Problem to solve: Every line in the records below that holds "Premium" must be identified and copied.

Data extract:
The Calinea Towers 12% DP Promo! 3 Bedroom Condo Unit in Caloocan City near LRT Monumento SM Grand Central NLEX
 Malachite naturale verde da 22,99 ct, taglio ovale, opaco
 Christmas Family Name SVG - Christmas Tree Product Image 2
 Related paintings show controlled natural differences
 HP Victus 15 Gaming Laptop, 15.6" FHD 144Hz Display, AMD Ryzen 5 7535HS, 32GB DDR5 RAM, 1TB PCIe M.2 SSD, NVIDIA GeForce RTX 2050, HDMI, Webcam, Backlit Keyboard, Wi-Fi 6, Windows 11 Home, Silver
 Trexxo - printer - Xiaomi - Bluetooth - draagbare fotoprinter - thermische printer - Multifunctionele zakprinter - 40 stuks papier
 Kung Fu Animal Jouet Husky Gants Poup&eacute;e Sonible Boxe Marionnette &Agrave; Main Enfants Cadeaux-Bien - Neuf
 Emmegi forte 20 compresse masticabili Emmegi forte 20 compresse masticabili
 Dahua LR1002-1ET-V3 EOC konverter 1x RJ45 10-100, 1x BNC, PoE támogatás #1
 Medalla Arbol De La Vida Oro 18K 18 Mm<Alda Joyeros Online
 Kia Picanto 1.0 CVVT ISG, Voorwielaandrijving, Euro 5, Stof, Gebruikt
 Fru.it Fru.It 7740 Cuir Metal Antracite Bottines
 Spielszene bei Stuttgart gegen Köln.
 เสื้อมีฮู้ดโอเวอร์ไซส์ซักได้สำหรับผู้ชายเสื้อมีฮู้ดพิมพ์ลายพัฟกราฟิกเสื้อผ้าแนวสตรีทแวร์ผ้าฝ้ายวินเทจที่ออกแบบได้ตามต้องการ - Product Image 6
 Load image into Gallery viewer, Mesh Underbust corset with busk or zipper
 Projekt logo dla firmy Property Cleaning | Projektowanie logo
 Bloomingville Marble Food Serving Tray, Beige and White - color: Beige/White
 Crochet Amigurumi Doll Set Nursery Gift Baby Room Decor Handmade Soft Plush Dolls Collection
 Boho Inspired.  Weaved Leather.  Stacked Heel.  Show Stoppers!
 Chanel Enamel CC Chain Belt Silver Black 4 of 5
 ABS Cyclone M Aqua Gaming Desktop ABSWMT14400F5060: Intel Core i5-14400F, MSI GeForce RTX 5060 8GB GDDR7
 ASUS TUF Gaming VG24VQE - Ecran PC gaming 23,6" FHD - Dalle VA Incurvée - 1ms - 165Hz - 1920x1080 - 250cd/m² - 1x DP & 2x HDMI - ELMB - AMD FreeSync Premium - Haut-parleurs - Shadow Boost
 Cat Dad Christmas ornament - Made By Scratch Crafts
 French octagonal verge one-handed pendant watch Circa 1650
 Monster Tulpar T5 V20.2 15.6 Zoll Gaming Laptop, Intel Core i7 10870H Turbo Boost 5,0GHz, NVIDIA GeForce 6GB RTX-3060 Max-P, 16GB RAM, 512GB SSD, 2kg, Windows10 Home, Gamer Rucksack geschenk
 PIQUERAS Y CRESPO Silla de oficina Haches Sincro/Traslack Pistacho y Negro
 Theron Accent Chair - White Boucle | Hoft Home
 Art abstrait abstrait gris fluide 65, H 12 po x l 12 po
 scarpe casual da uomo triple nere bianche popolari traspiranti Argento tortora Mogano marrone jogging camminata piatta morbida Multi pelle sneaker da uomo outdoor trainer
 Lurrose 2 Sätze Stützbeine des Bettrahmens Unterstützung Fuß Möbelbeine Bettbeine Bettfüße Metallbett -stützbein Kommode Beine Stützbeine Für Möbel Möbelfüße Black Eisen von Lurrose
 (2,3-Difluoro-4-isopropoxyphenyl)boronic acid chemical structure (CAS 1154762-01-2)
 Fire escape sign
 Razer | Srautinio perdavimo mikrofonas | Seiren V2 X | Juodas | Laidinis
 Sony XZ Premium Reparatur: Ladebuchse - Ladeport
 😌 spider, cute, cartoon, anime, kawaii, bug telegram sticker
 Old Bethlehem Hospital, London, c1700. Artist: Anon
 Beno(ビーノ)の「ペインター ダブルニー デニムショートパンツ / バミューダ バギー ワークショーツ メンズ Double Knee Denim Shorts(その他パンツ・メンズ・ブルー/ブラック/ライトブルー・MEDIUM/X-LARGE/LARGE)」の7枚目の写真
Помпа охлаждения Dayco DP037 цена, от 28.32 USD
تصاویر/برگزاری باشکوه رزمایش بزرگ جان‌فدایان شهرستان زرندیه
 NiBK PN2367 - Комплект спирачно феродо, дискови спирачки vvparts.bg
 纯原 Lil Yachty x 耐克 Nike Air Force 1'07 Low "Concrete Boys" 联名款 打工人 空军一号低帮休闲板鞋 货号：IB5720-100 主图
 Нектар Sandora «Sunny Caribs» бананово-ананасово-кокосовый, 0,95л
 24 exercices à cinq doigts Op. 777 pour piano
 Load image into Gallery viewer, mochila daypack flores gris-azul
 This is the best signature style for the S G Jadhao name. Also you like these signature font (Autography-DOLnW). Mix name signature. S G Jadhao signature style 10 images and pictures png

Answer:
 ASUS TUF Gaming VG24VQE - Ecran PC gaming 23,6" FHD - Dalle VA Incurvée - 1ms - 165Hz - 1920x1080 - 250cd/m² - 1x DP & 2x HDMI - ELMB - AMD FreeSync Premium - Haut-parleurs - Shadow Boost
 Sony XZ Premium Reparatur: Ladebuchse - Ladeport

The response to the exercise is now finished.